The crisis in Keynesianism is in fact in the first place a crisis both in thinking and a set of policies that have proved unable to go beyond the restricted horizons of individual national economies.
Keynes had in mind a world economy made up of a set of national sovereign states with trade reduced to the bare minimum and aiming exclusively at maximizing domestic growth and employment opportunities.[2]
His basic plan consisted in urging Great Britain to accept his policies designed to encourage full employment, but for this to succeed it was necessary for all economic ties with the rest of the world to be reduced to the minimum.[3]
Given the extension to the world sphere of the mode of production and the accompanying growth of international economic integration, it was inevitable that Keynesian policies would eventually prove ineffective. Apart from possible internal causes (changes in the labour market, greater competition between the social groups as regards income distribution, rational expectations of the intervention cycle, and so on), the balance of payments constraints, in particular, prevent full employment from being reached in each particular country.
Associated with the decline in the Keynesianism is then the crisis in the welfare state that has arisen with the break in the long period of postwar growth, that has removed the resources needed to make social services work.
In this situation, if the launching of Keynesian policies to stimulate effective demand in countries linked to each other by mutual trade is carried out in terms of North-South relationships, then these policies will act as an instrument stimulating growth of both North and South and tending to equalize its distribution internationally by means of appropriate welfare policies.
In this way, the foundations would be laid for ending the bipolarism that still rules the fate of the world and achieving increasingly advanced forms of integration between countries internationally, by proceeding down the road to democratic government of the world economy.

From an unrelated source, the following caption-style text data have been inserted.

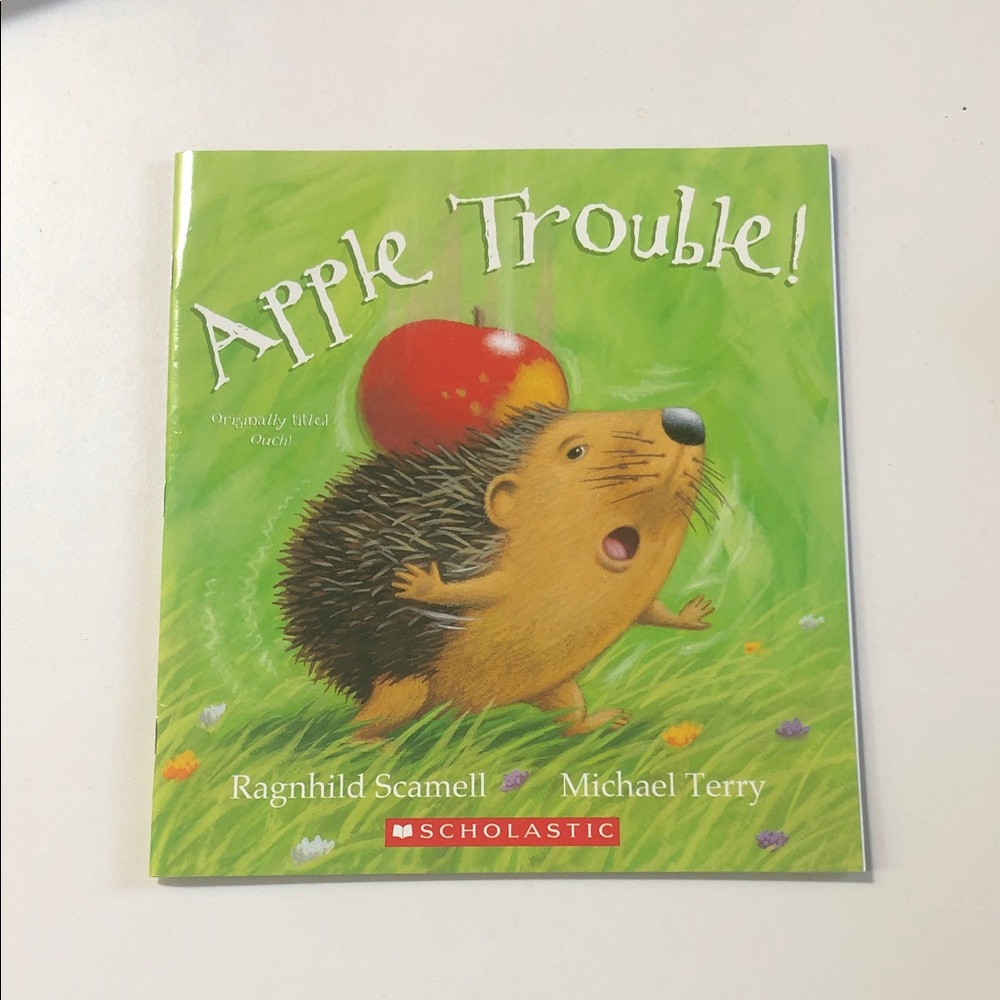📚5 for $25📚- Apple Trouble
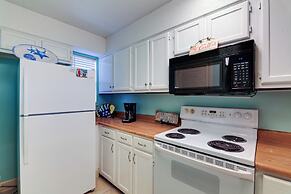 Destin Townhome w/ Balcony - Walk to the Beach!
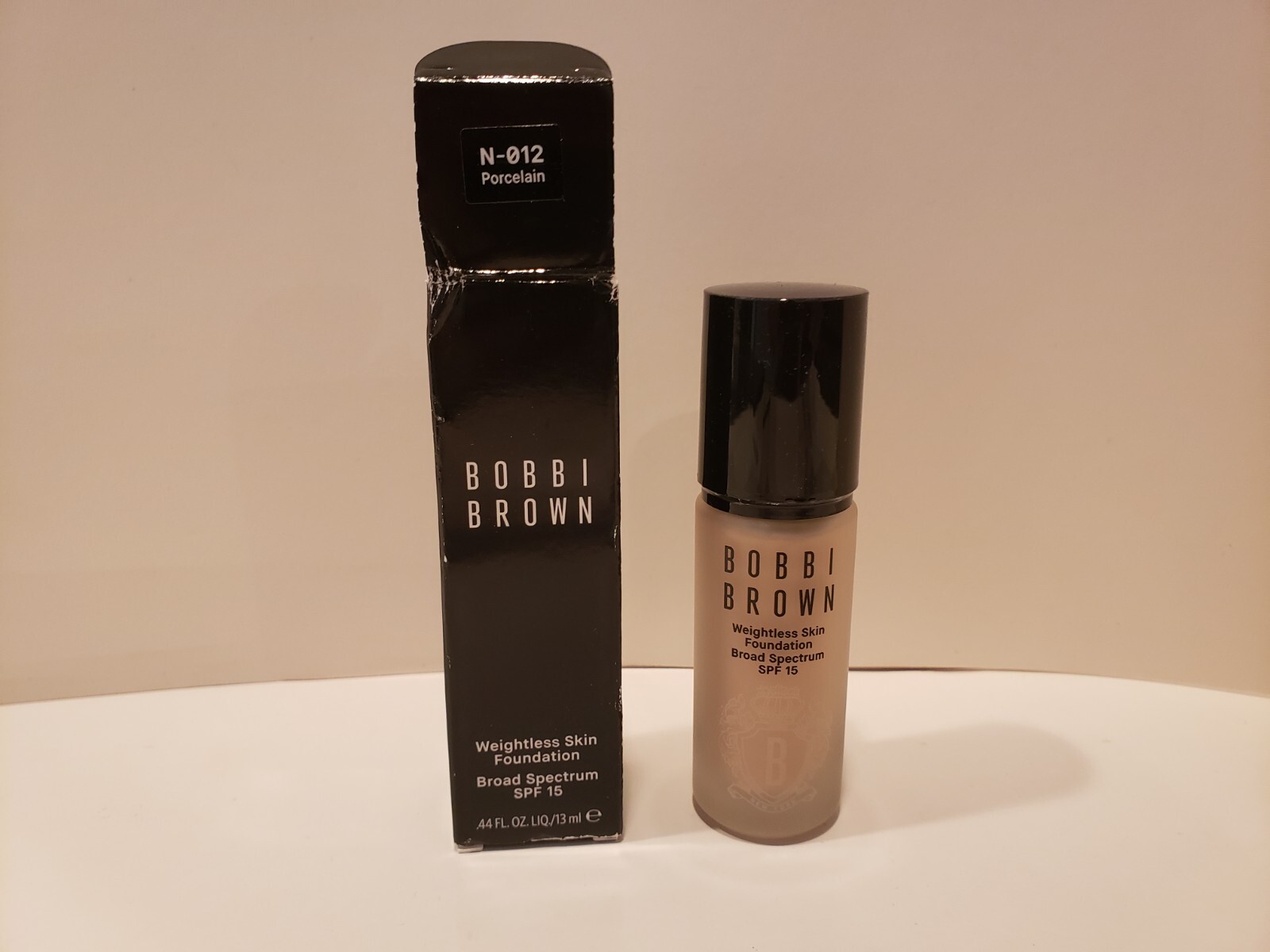 Bobbi Brown – Weightless Skin Foundation BS SPF 15 – N-012 Porcelain – 0.44- NIB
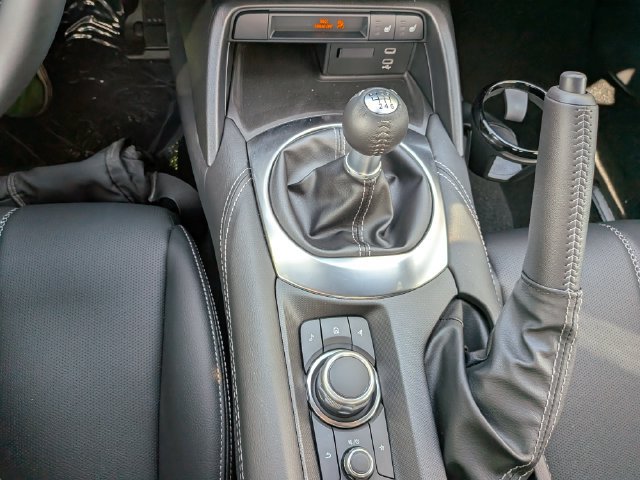 New 2026 MAZDA MX-5 Miata Grand Touring RWD image 17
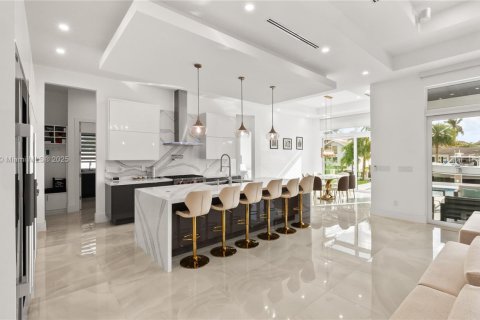 House in Fort Lauderdale, Florida 4 bedrooms, 288 sq.m. № 1475510 - photo 14
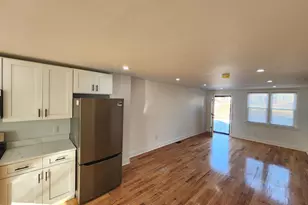 1374 Kimberly Dr, Philadelphia, PA 19151 - Photo 6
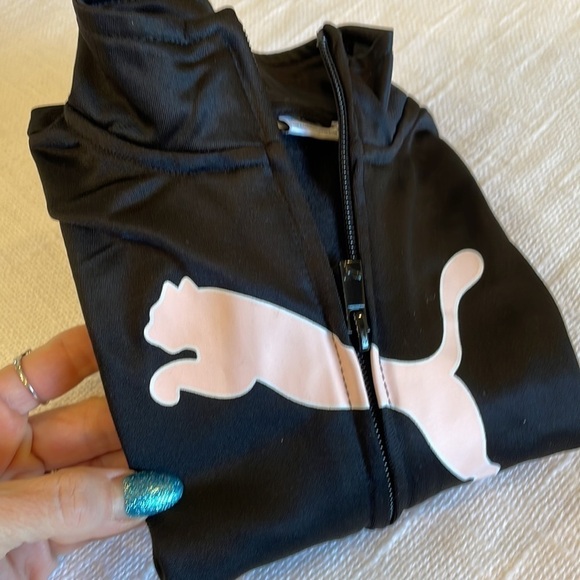 💐5/25 Puma toddler 24 months black pink athletic sweatshirt jacket - Picture 6 of 7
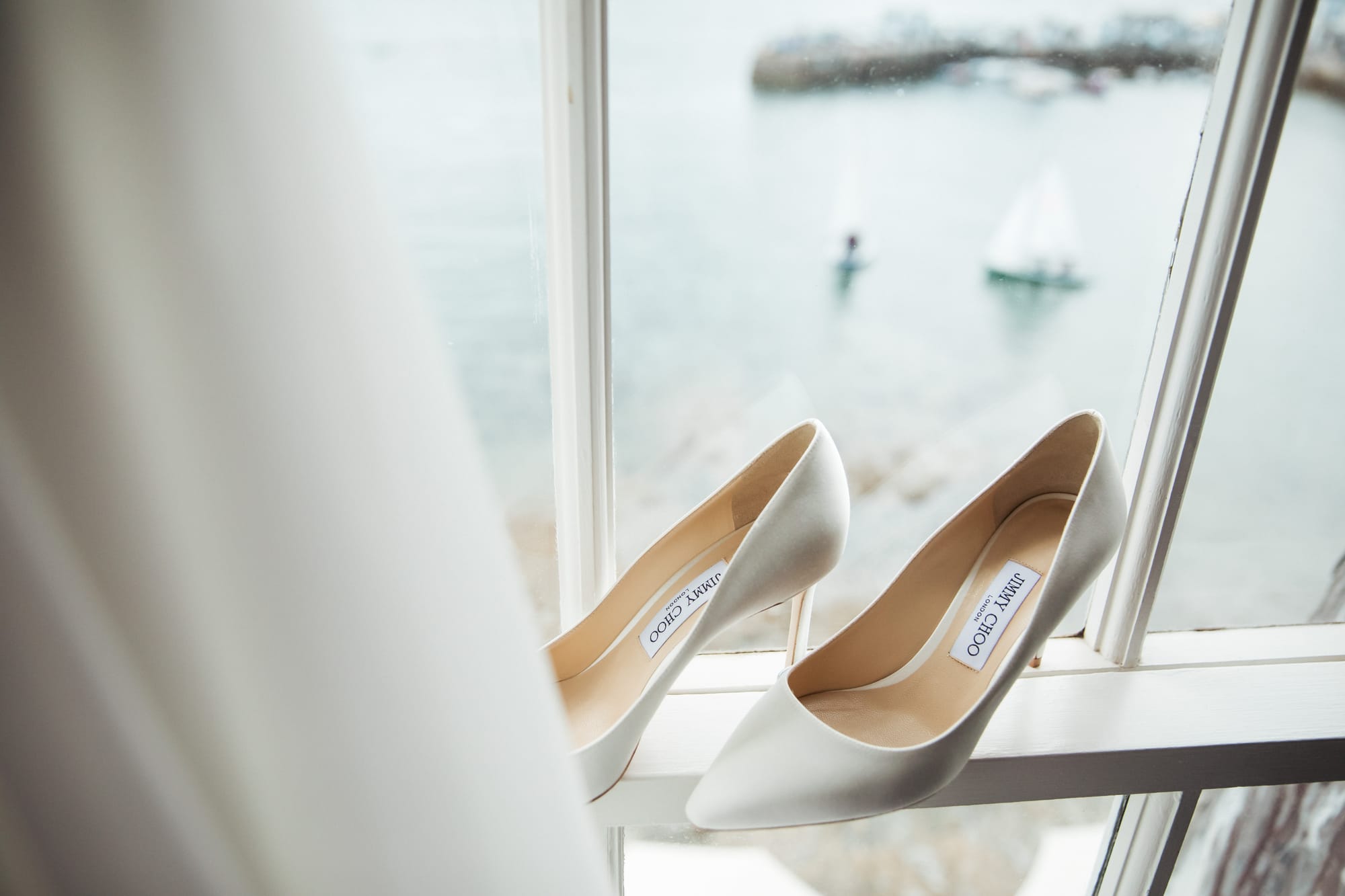 Katie & Matt at Place House, St Mawes, Cornwall — documentary wedding photograph, frame 066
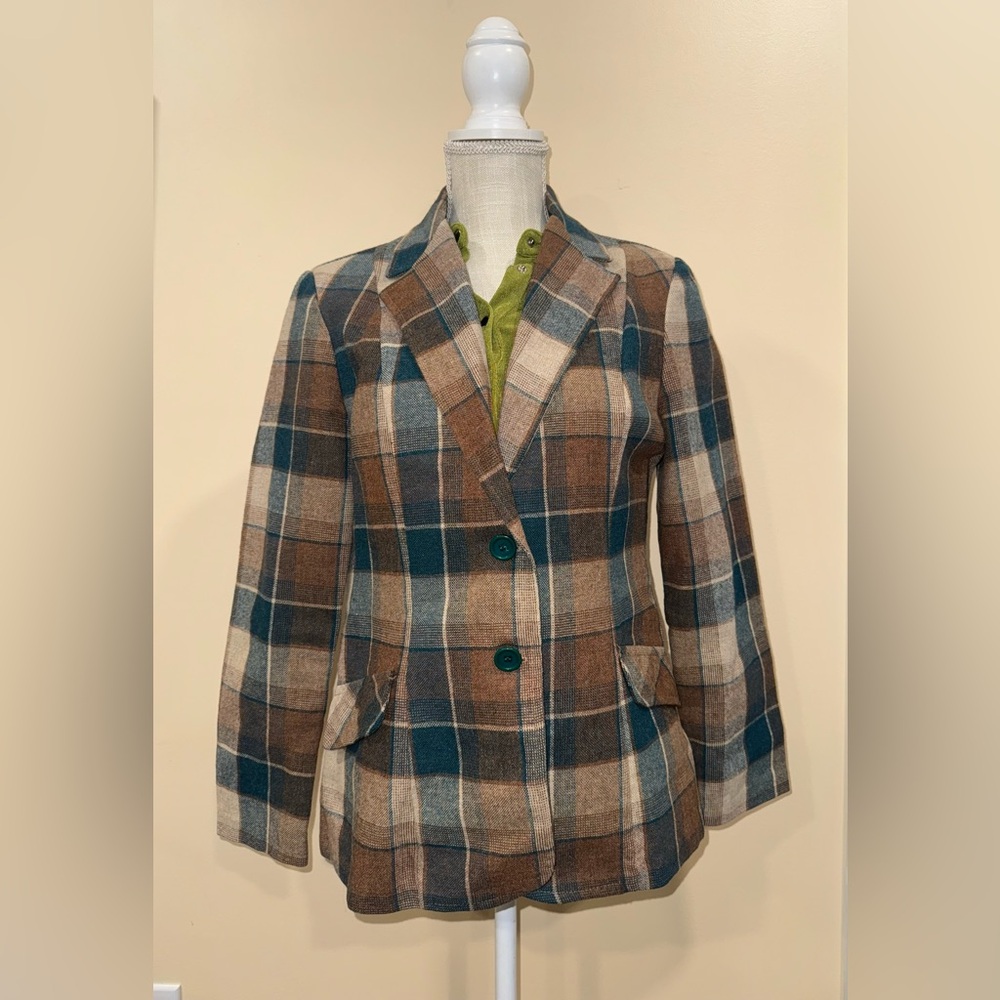 Moderage Brand Women’s Blazer
Wool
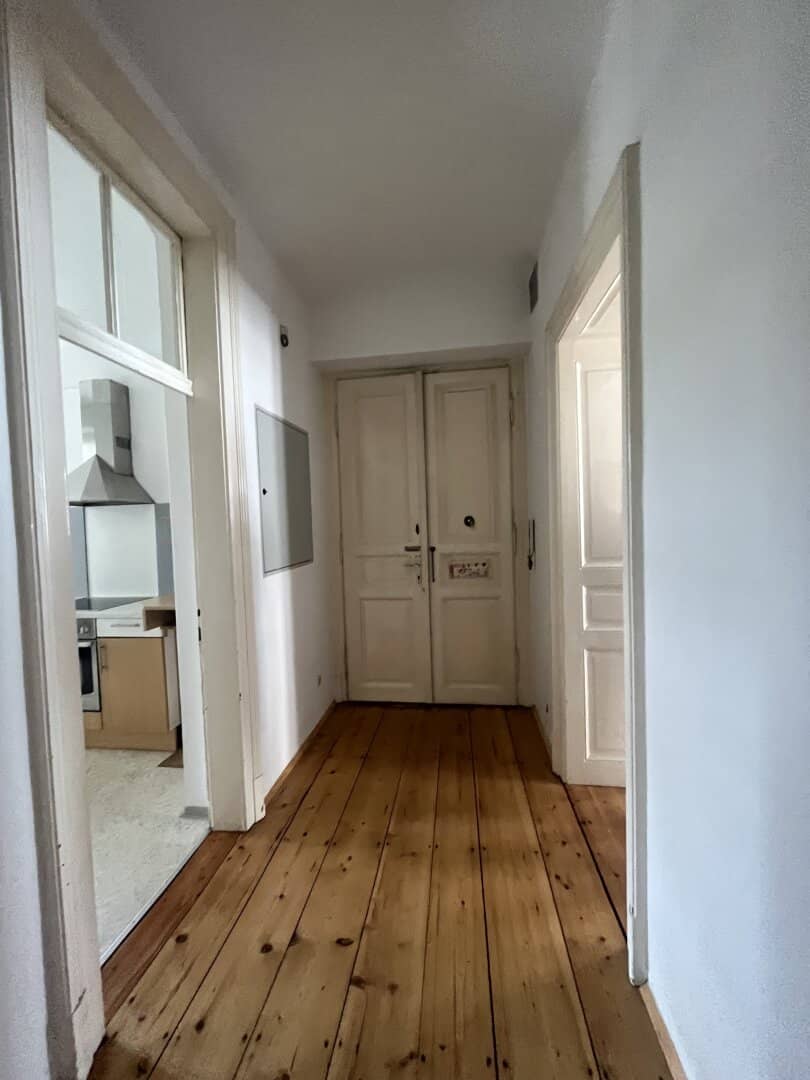 Old building apartment with a three room layout in the best city center location directly by TU Graz suitable for flat sharing
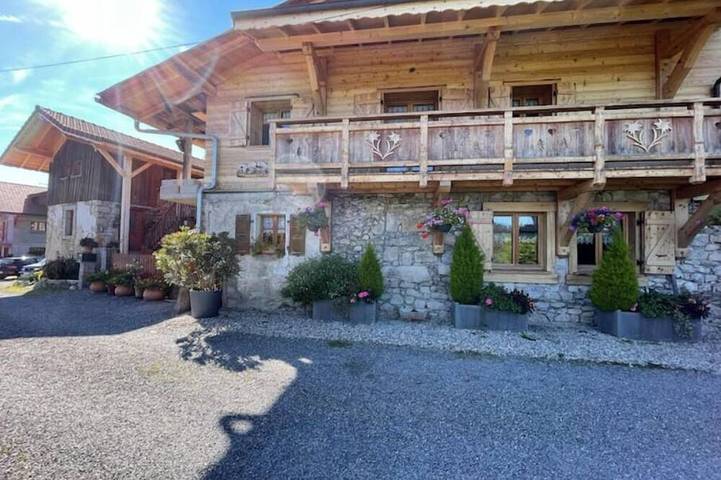 Chalet pour 9 personnes, avec balcon et jardin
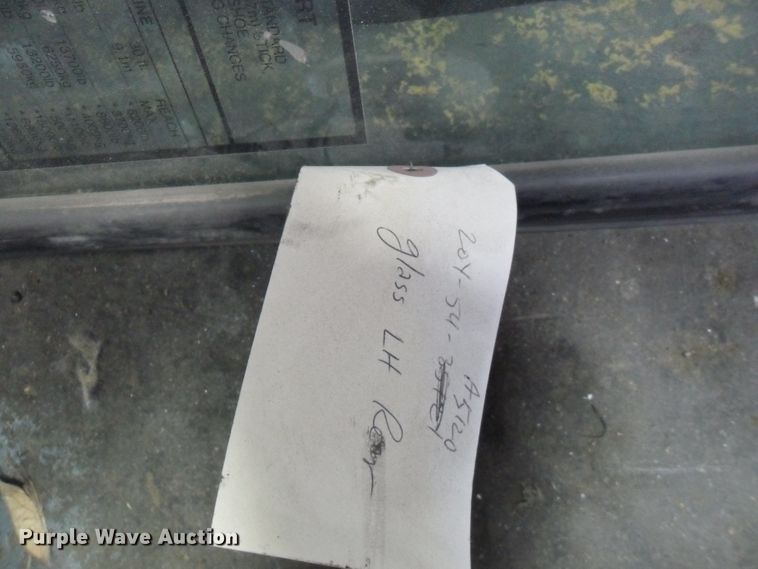 image for item DI9008 Komatsu PC120-6Z cab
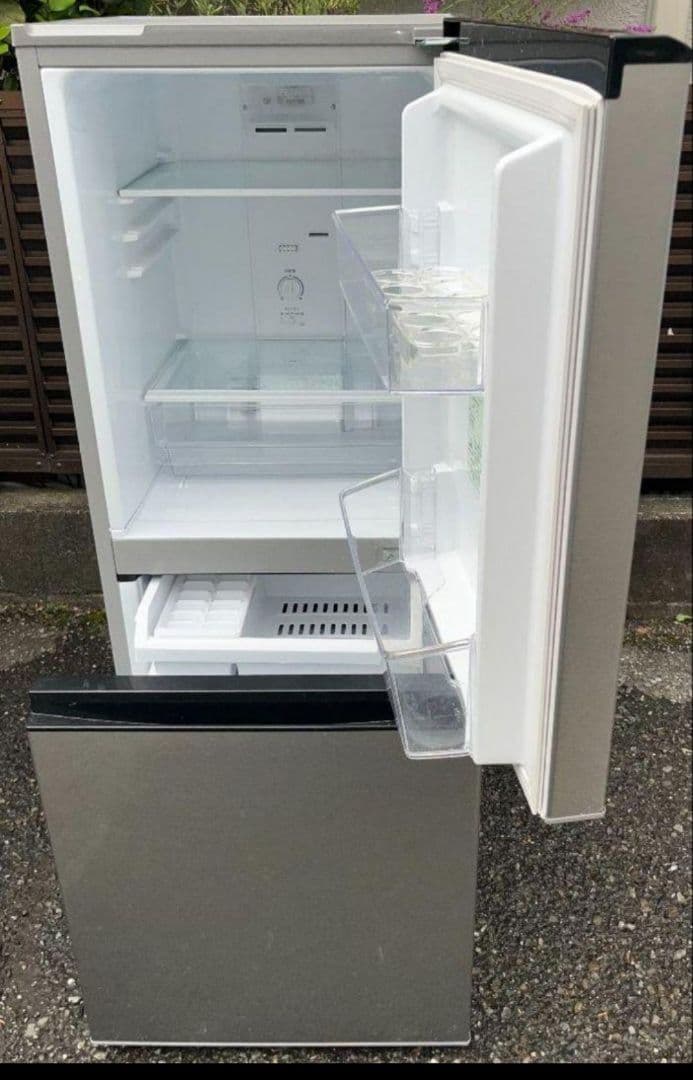 特価AQUA 冷凍冷蔵庫126L横縞模様省エネ設計自動霜取り機能 2021年製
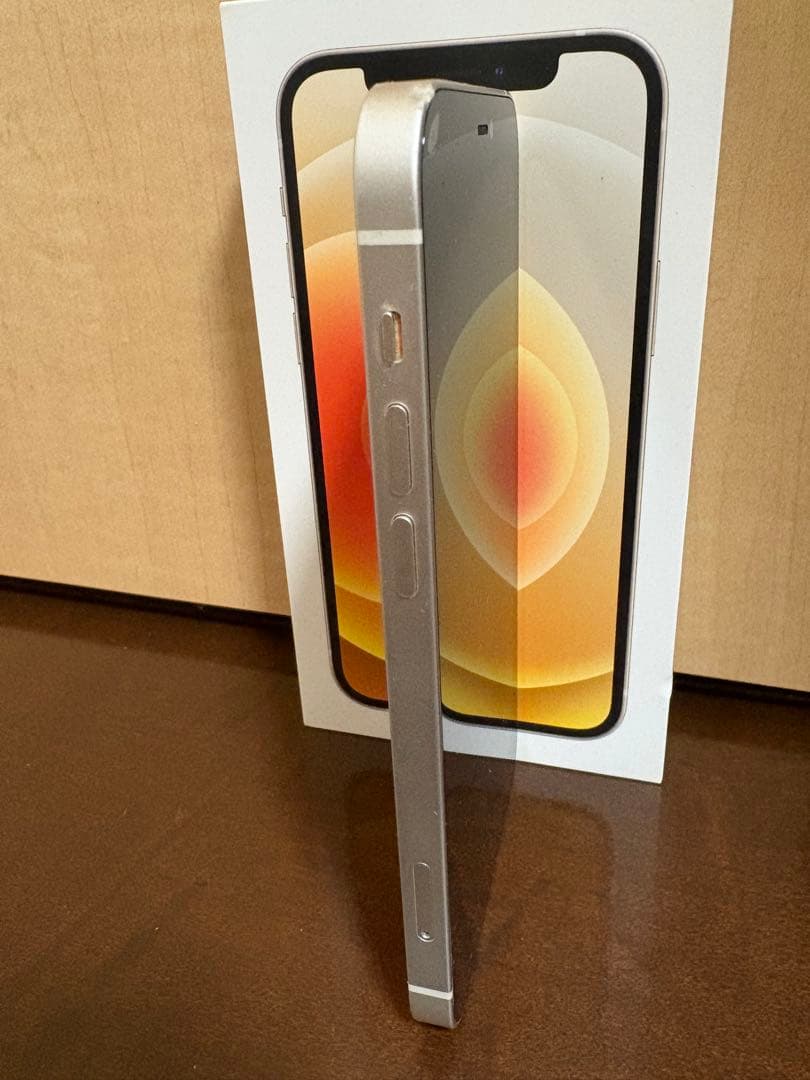 スマートフォン本体 Apple iPhone12 White 64GB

In conclusion, the effect of a plan for the employment and development of Third World countries would not only be improved economic conditions and general welfare in both North and South but also reduced international anarchy, thus facilitating the passage from the old to the new mode of production on a worldwide scale.[4]
We may now deal with the project presented by Angelopoulos in a recent book,[5] that tackles the various aspects of the question in some detail.
Angelopoulos starts with the hypothesis which is undoubtedly correct that a plan for special aid is of no value unless the problem of debt is solved first. If this problem is not tackled, new resources would end up by being absorbed by the voraciousness of the debt service.
For this reason, the proposed plan ought to be divided into two phases: a) to begin with, Third World external debt should be straightened out by consolidating existing private loans and making them payable over 15 years, after an initial suspension of capital repayment for 5 years. The interest rate on consolidated debts ought to be reduced to 5 per cent and the suspension of capital repayment would be subject to the use of the sums saved in investment projects and to the proviso that all equipment is bought in the creditor country; b) subsequently, new real growth would be stimulated in the Third World because industrialized countries who are members of the Development and Aid Committee would grant long-term credit at favourable conditions.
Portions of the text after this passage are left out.